Un pas vers une meilleure prise en charge: Lancement du Registre national de l’AVC

Le Directeur général de l’Institut national de la santé publique (INSP), Pr Abderrezak Bouamra, a annoncé jeudi à Alger le lancement officiel du Registre national de l’accident vasculaire cérébral (AVC). Cet outil innovant vise à fournir des « données probantes » sur l’incidence de cette pathologie en Algérie et à orienter les politiques de santé publique.

« Première cause d’invalidité et deuxième cause de décès en Algérie, l’AVC constitue un véritable fléau sanitaire nécessitant des outils structurés basés sur des données fiables et actualisées », a souligné le Pr Bouamra lors d’une rencontre au siège de l’INSP.
En 2021, les AVC représentaient environ 18 % des décès totaux en Algérie, selon les estimations du ministère de la Santé. Leur incidence est en augmentation, avec plus de 80 000 nouveaux cas enregistrés chaque année. Ce chiffre est comparable à la tendance mondiale, où près de 15 millions de personnes sont victimes d’un AVC chaque année, selon l’Organisation mondiale de la santé (OMS). Parmi elles, environ 5 millions en meurent et un nombre équivalent restent lourdement handicapées.

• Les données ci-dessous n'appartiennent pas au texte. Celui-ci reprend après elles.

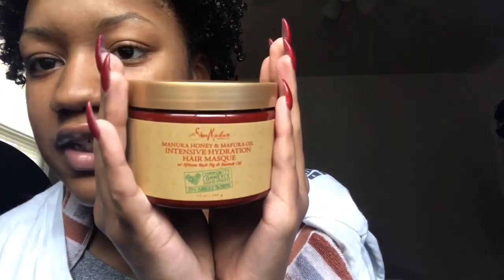So as you can tell by the title, I'm going to be doing a deep conditioning video. I don't really deep condition — I don't know why, I just don't. But somebody requested a video, so I figured why not, since my hair needs some moisture. I got this deep conditioner by Shea Moisture — it's the Manuka Honey and Mafura Oil Intensive Hydration Hair Mask. It has Manuka honey, Mafura oil, and African rock fig in it, and it smells really really good.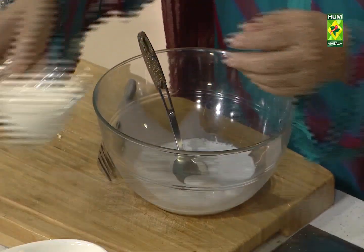Then I have put in condensed milk. Then I have put in coconut milk. Then I have put in cream cheese.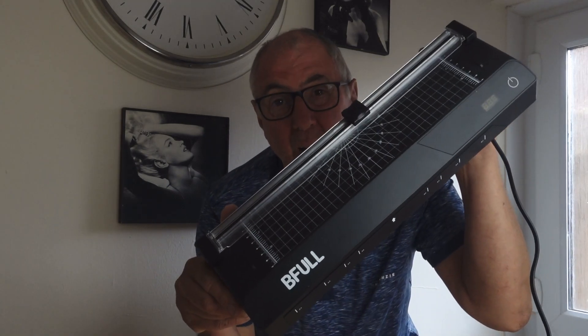Hi folks, Kindy Even here back again with another review. This is not a vape-related review or a vape product review. This is more a review of a product you could use to run your YouTube channel for whatever vaping or whatever niche, or if you have a vape shop or business you could probably use it for that. Today we are looking at the B-Full laminator.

Le registre national se positionne comme un « instrument de changement », selon le Pr Bouamra, en ce qu’il permettra de mieux cerner l’incidence nationale de cette pathologie, grâce à des données fiables ; d’identifier les facteurs de risque, qu’ils soient individuels (hypertension, diabète, tabagisme, etc.) ou collectifs (inégalités d’accès aux soins, sensibilisation insuffisante) ; d’améliorer la prise en charge des patients, en guidant les professionnels de santé dans l’application de traitements plus efficaces et d’orienter les politiques publiques, en priorisant les campagnes de prévention et le renforcement des infrastructures hospitalières.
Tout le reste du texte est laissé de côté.